In February 2006, petitioner moved by order to show cause for a stay of the scheduled April 2006 prosecution and commenced this proceeding pursuant to CPLR article 78 seeking to prohibit respondents from retrying him on the previous indictment.   Specifically, petitioner argued that County Court lacked geographical jurisdiction over counts two through five of the indictment and, further, that retrying him on the prior indictment violated the principles of double jeopardy.   This Court subsequently denied petitioner's application for a stay, and the matter is now before us for review.

 Preliminarily, petitioner is correct in noting that a writ of prohibition is a proper remedy to challenge both County Court's alleged lack of geographical jurisdiction and petitioner's claim that further prosecution would subject him to double jeopardy (see Matter of Rush v. Mordue, 68 N.Y.2d 348, 353-354, 509 N.Y.S.2d 493, 502 N.E.2d 170 [1986];  Matter of Gorghan v. DeAngelis, 25 A.D.3d 872, 873, 808 N.Y.S.2d 787 [2006], affd. 7 N.Y.3d 470, 824 N.Y.S.2d 202, 857 N.E.2d 523 [2006];  Matter of Cohen v. Lotto, 19 A.D.3d 485, 486, 797 N.Y.S.2d 106 [2005];  Matter of McLaughlin v. Eidens, 292 A.D.2d 712, 713, 740 N.Y.S.2d 147 [2002] ).   We nonetheless conclude that the requested writ should not be granted.

 Because we did not determine in petitioner's prior appeal that County Court lacked geographical jurisdiction, but rather that jurisdiction was a factual issue that should have been charged to the jury, our prior decision does not establish that the court lacked geographical jurisdiction (see People v. Stewart, supra ).   Nor did petitioner make a factual showing in this proceeding to establish County Court's lack of jurisdiction.   Under the circumstances, petitioner has not demonstrated that County Court is without jurisdiction (see Matter of Holtzman v. Goldman, 71 N.Y.2d 564, 569-570, 528 N.Y.S.2d 21, 523 N.E.2d 297 [1988];  Matter of Steingut v. Gold, 42 N.Y.2d 311, 315, 397 N.Y.S.2d 765, 366 N.E.2d 854 [1977];  Matter of Broome County Dist. Attorney's Off. v. Meagher, 8 A.D.3d 732, 734, 777 N.Y.S.2d 567 [2004], lv. denied 3 N.Y.3d 612, 788 N.Y.S.2d 667, 821 N.E.2d 972 [2004] ).

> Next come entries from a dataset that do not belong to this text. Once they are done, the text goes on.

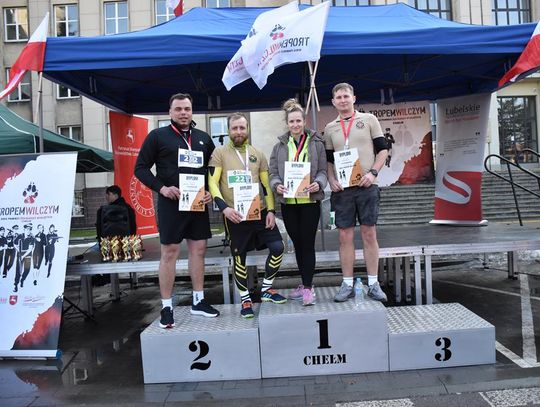 Gmina Fajsławice pobiegła „Tropem Wilczym” Zdjęcie przedstawia Delegację Gminy Fajsławice podczas XIV edycji Biegu Pamięci Żołnierzy Wyklętych - Tropem Wilczym, który odbył się 1 marca 2026r. w Chełmie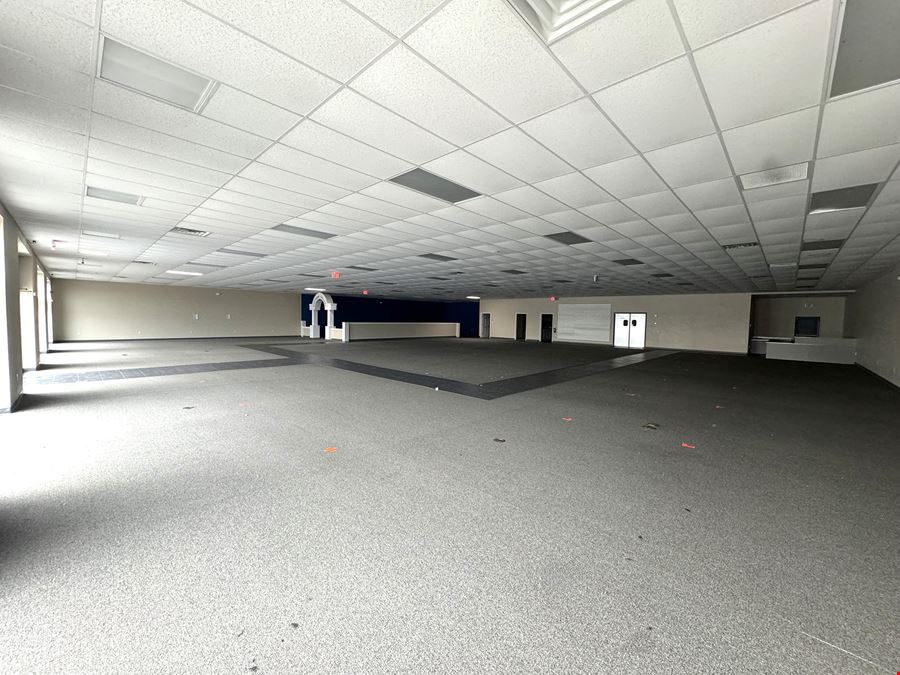 Squire Shopping Center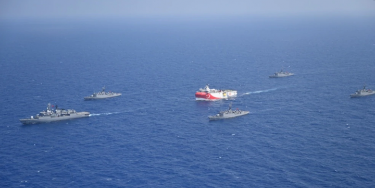 Anija ruse prek ujërat territoriale shqiptare, ministria tregon pse u dëbua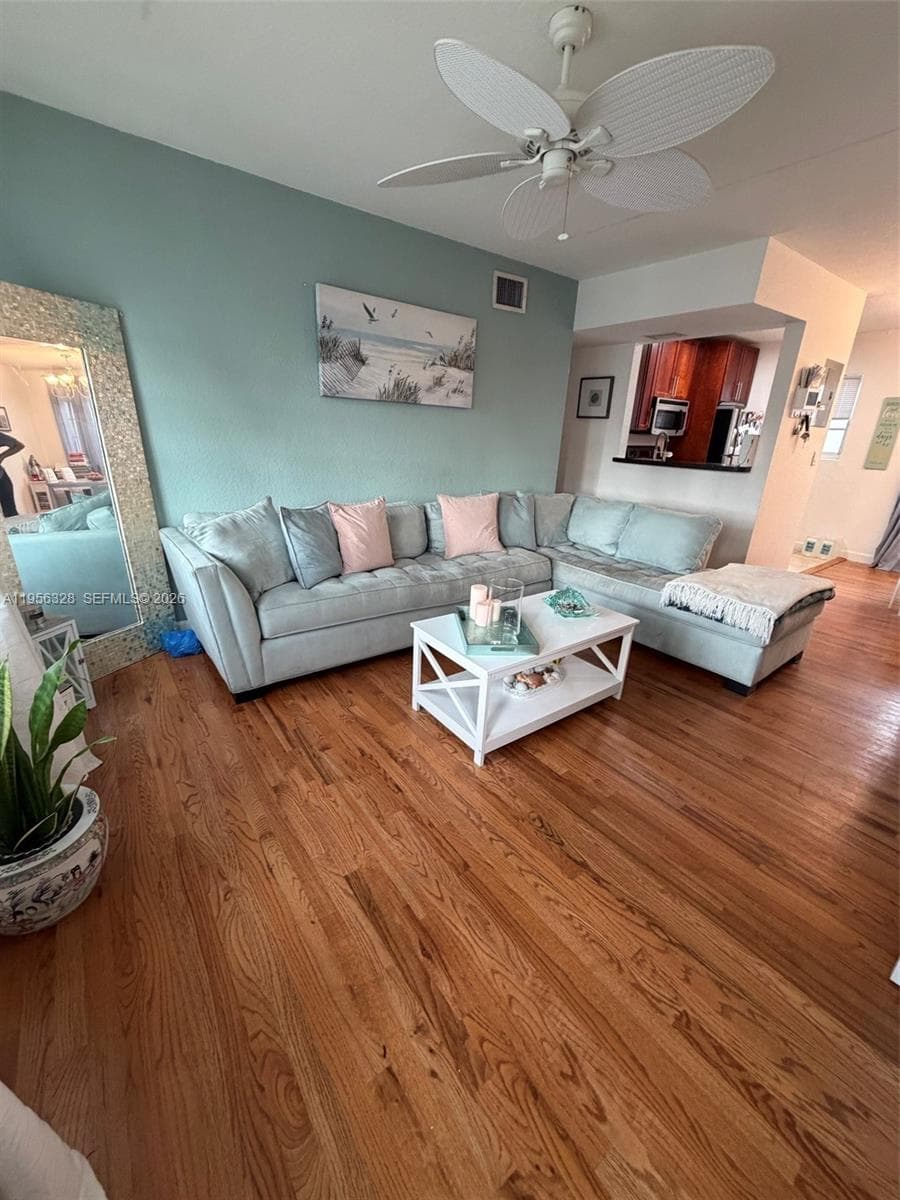 RITZ ROYAL PALM CONDO · #3 in Miami Beach - Photo 2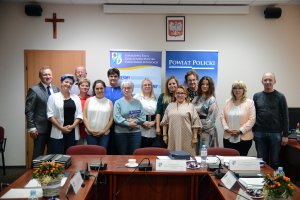 Członkowie Powiatowej Rady Działalności Pożytku Publicznego w Policach na wspólnym zdjęciu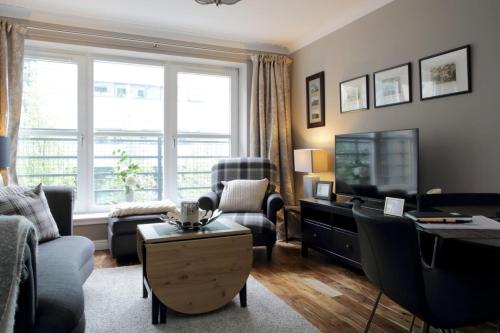Beautiful Royal Mile Apartment, , Edinburgh and the Lothians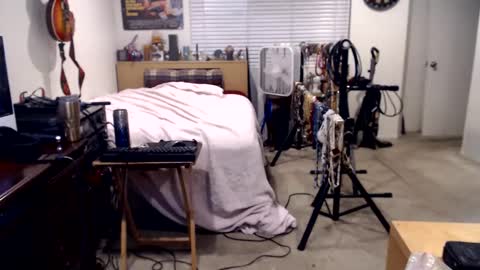 Snapshot of guitarsexgod chatting on September 2025 09:13:01 AM Mario online show from September 2025 09:13:01 AM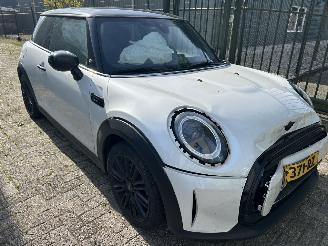 Mini Cooper Camden 1.5  Automaat picture 3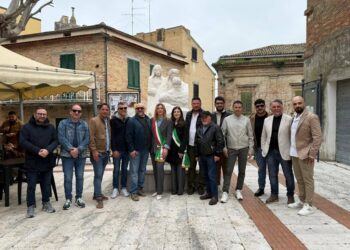 L’abbraccio di Sordello da Goito con Dante e Virgilio: inaugurata la statua a Monteodorisio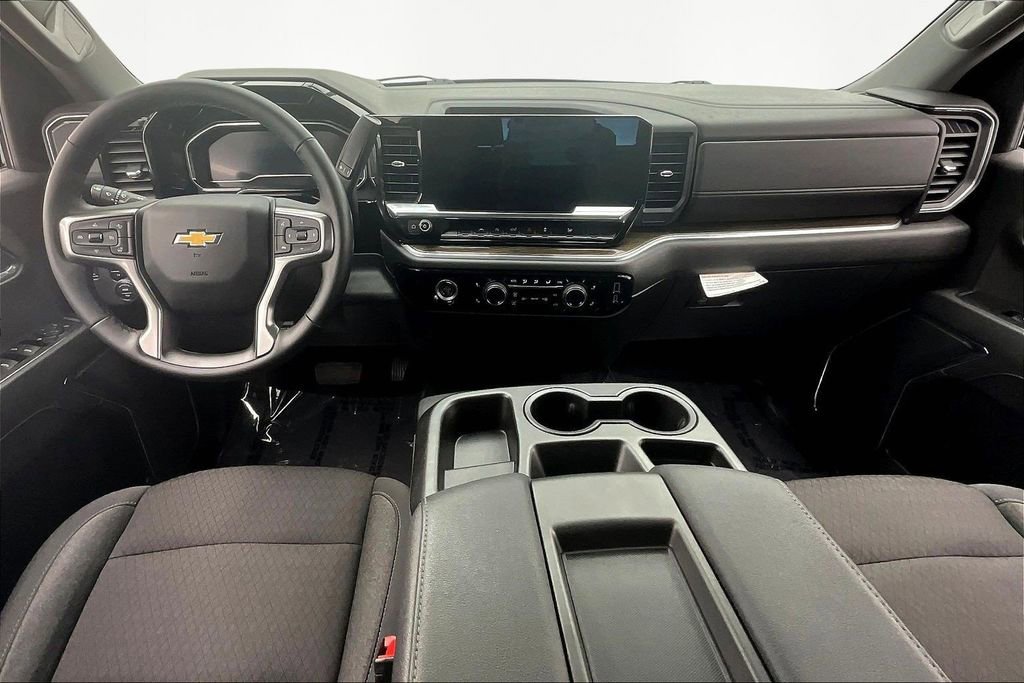 Used 2024 Chevrolet Silverado 1500 LT image 16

 Nor are we persuaded that petitioner's retrial on the previous indictment violates principles of double jeopardy, thus mandating the requested writ of prohibition.  “Where, as here, ‘proceedings [constituting a prior prosecution] are subsequently nullified by a court order ․ which directs a new trial of the same accusatory instrument, the nullified proceedings do not bar further prosecution of such offense under the same accusatory instrument’ ” (Matter of Kelly v. Bruhn, 3 A.D.3d 783, 784, 771 N.Y.S.2d 561 [2004], appeal dismissed 2 N.Y.3d 793, 781 N.Y.S.2d 291, 814 N.E.2d 463 [2004], lv. denied 3 N.Y.3d 698, 785 N.Y.S.2d 17, 818 N.E.2d 660 [2004], quoting CPL 40.30[3];  see Matter of Gorghan v. DeAngelis, 7 N.Y.3d 470, 824 N.Y.S.2d 202, 857 N.E.2d 523 [2006] ). Petitioner's remaining arguments on these points, to the extent not specifically addressed, have been examined and found to be lacking in merit.

ADJUDGED that the petition is dismissed, without costs.